Philippine security forces have killed 89 extremist militants during more than a week of fighting in a southern city but the gunmen are still offering strong resistance and holding hostages, the military says.
Attack helicopters fired rockets repeatedly on Wednesday morning into the pockets of Marawi city where the militants were hiding among trapped residents, according to an AFP reporter who was following troops searching houses.
The clashes erupted on Tuesday last week when gunmen waving black flags of Daesh rampaged through the mostly Muslim-populated city in response to an effort by security forces to arrest a Filipino on the US government’s list of most-wanted terrorists.

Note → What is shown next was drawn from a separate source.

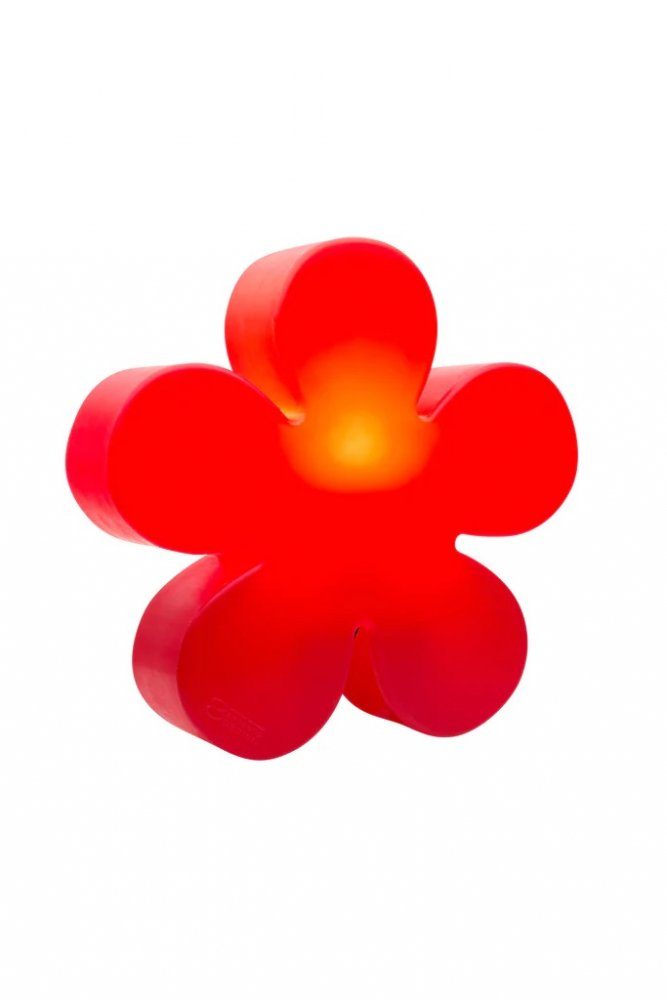 8 seasons design Dekolicht 8 seasons Motivleuchte Shining Flower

That militant leader, Isnilon Hapilon, escaped but he was still believed to be in Marawi, military spokesman Brigadier-General Restituto Padilla said Wednesday.

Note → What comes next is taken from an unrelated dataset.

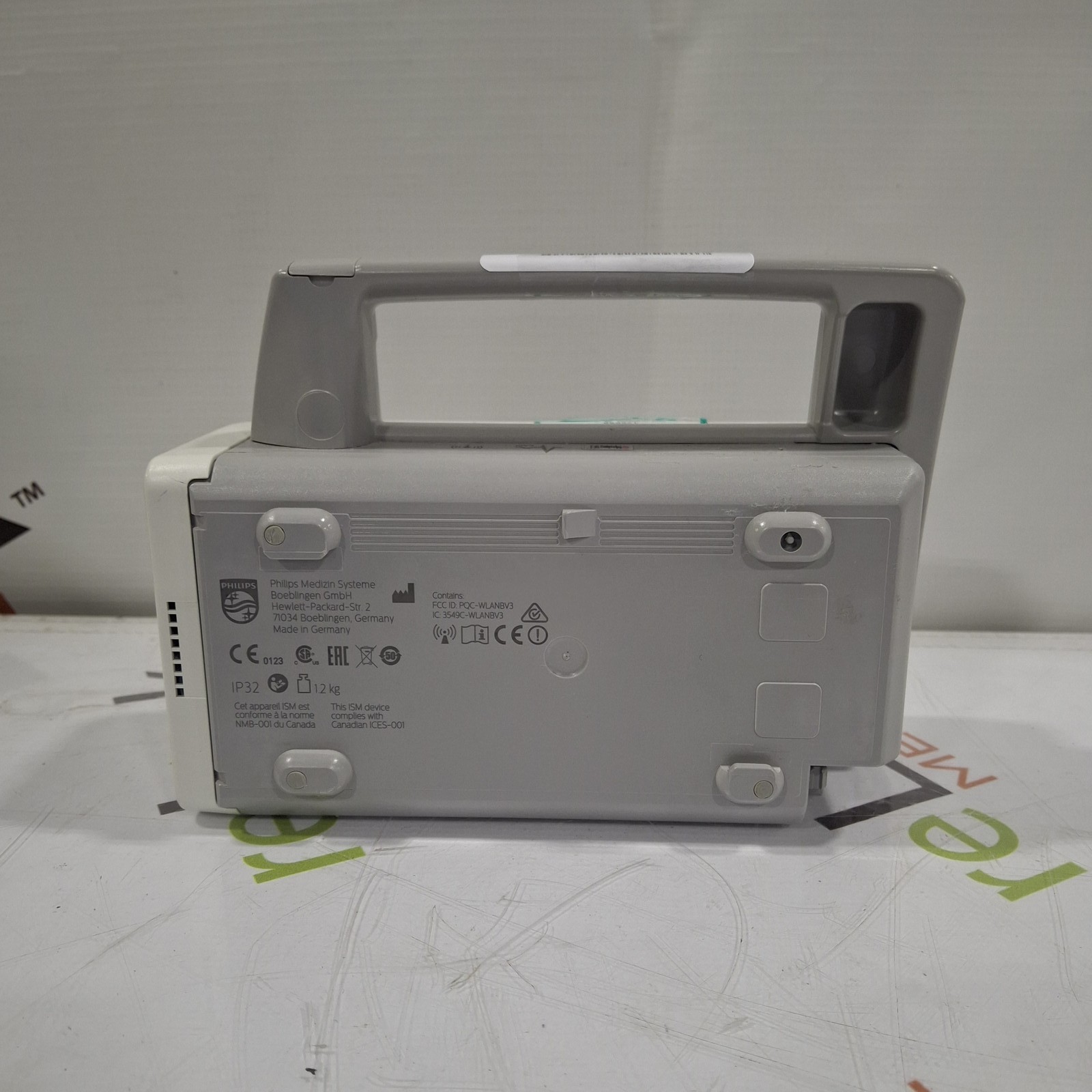 Philips IntelliVue X2 Module - Masimo Rainbow SpO2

Eighty nine militants had been killed in the efforts to reclaim the city and find Hapilon, Padilla told reporters.
He said the military was making “very positive” progress towards ending the crisis, which had also seen 21 security forces and 19 civilians killed.
However, Padilla acknowledged there were many residents still trapped in the 10 percent of the city that the gunmen were controlling, and that troops would likely meet increasingly strong resistance there.
“That 10 percent is most likely the area that is heavily guarded and defended by any armed men if they are protecting any individual of high value,” Padilla said.
Padilla said he did not know how many militants remained.
He said they had been reinforced by prisoners who escaped from two jails during the initial rampage, and “sympathizers” of the militants.
There were more than 2,000 residents still trapped in areas of Marawi held by the militants, Zia Alonto Adiong, spokesman for the provincial crisis management committee, told AFP.
The militants also took a priest and up to 14 other people hostage at the start of the crisis.
A video of the priest appeared on social media on Tuesday in which he repeated the militants’ demands to withdraw, and said the militants were holding 240 people hostage.
“The video may seem to be authentic,” Padilla said, although he cautioned military technology experts were still verifying it.
Padilla also emphasized the video was being used for propaganda, that the priest was speaking under duress and he did not know if the figure about the number of hostages was correct.
President Rodrigo Duterte declared martial law across the entire southern region of Mindanao, home to roughly 20 million people, in response to the crisis. He said the Marawi violence showed that local militant groups were uniting behind Daesh and becoming a major security threat across Mindanao.